US6790017B2

US6790017B2 - Integrated pump with serial-connected pump units arranged in parallel

Info

Publication number: US6790017B2
Application number: US10/133,417
Authority: US
Inventors: Toshiyasu Takura; Yoshifumi Tanabe; Hiroshi Satoh; Kunitomi Cho
Original assignee: Toshiba Tec Corp; DMW Corp
Current assignee: DWN Corp; Toshiba Tec Corp; DMW Corp
Priority date: 2001-09-07
Filing date: 2002-04-29
Publication date: 2004-09-14
Anticipated expiration: 2022-04-29
Also published as: US20030049143A1; JP2003083278A

Abstract

The present invention is an integrated pump having structure where a plurality of cell pumps having an inlet and an outlet to discharge fluid drawn from a consolidated inlet to the consolidated outlet is connected in series or parallel. A plurality of cell pump may be connected in parallel to constitute an integrated pumps. The integrated pump of the present invention can obtain a desired output connecting in series and parallel a number of cell pumps. For a high output integrated pump where many cell pumps are connected to provide high capacity and high head, by unitizing the individual cell pumps during transportation or installation, the transportation and installation work for the integrated pump can be easily done.

Description

CROSS REFERENCE TO RELATED APPLICATION

The present application is based on Japanese Patent Application No. P2001-271773 filed on Sep. 7, 2001, which is incorporated herein by reference.

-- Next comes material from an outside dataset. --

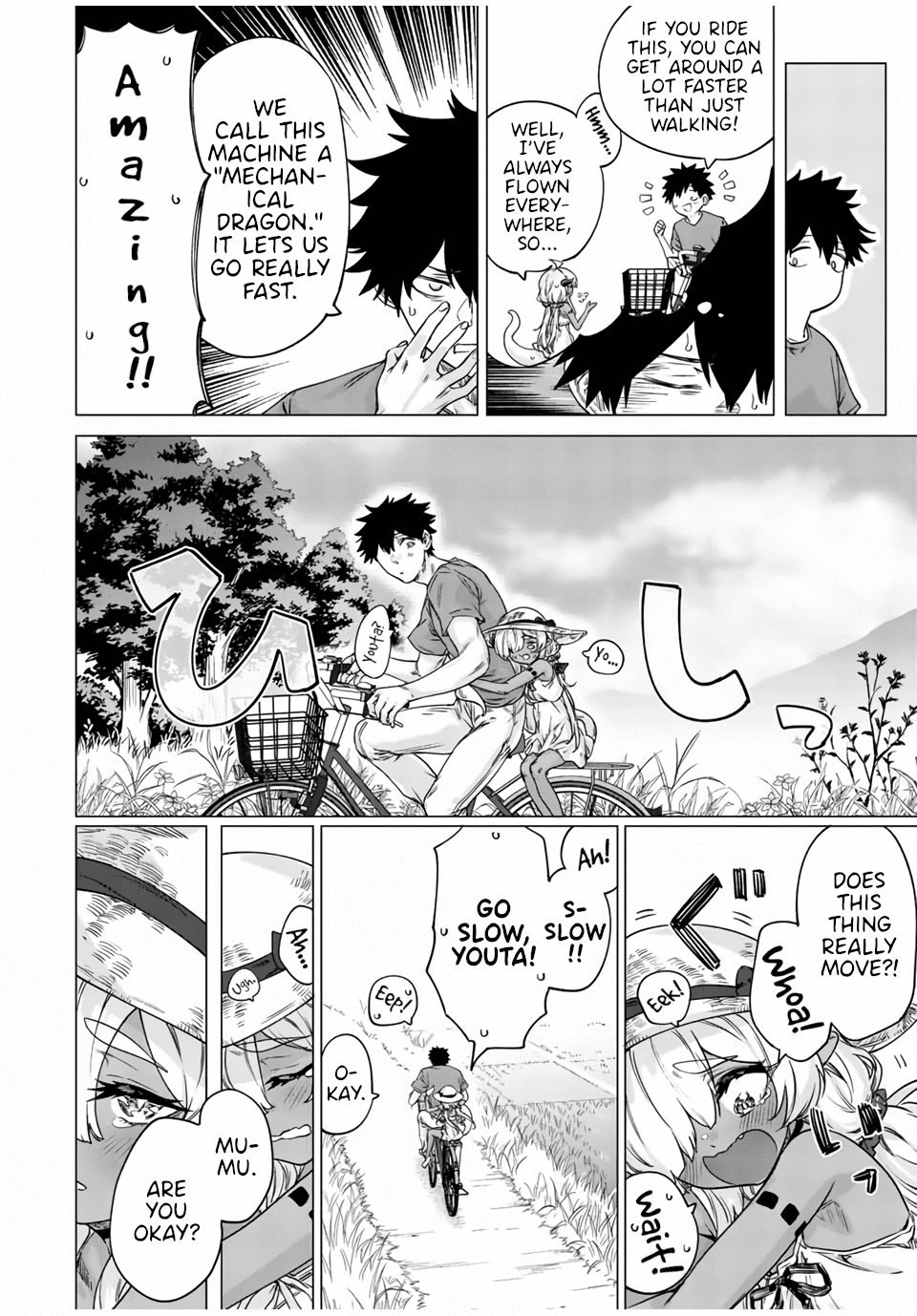An Evil Dragon That Was Sealed Away For 300 Years Became My Friend Chapter 26 page 6 - Chapter 26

BACKGROUND OF THE INVENTION

1. Field of the Invention

This invention is related to a pump formed as an integral structure by the integration of multiple parts of in-line pumps forming the flow paths in the internals and externals of a motor.

2. Discussion of the Background

An example of multiple piece pumps, is found in Japanese Application Publication No. P 2000-240564, a pump unit, connected by pipes and flanges so as to enable dismantling and assembly as separate and free by support the frame of rectangular parallel piped cross-lattice of multiple pumps, was made public. In case of the pump device of such construction, for increasing size of such device, necessary fixed installation spaces becomes a problem area. Further for single pump, output of each pump is fixed. Hence, in case pump of desired output is not available as a standard product, the same must be specially ordered. Generally, as the pump output desired by users is not uniform, there is a strong tendency of limited production of a wide variety of products. Hence the cost tends to be high.

Above this, a high output pump for high capacity as well as high head, is very heavy and big, and large effort is required for transportation and installation which becomes a problem.

SUMMARY OF THE INVENTION

The first basic purpose of this invention is, without depending on limited production of a wide variety of products, obtaining a pump having output corresponding to needs of each type by the integration of standard pumps.

Further, reduction in the starting current at time of starting of large output pumps, and achieving easy and efficient flow control of the same, is the second purpose of this invention.

And the third aim of this invention is to make easy the transportation and the installation of large output pump for high capacity and high head.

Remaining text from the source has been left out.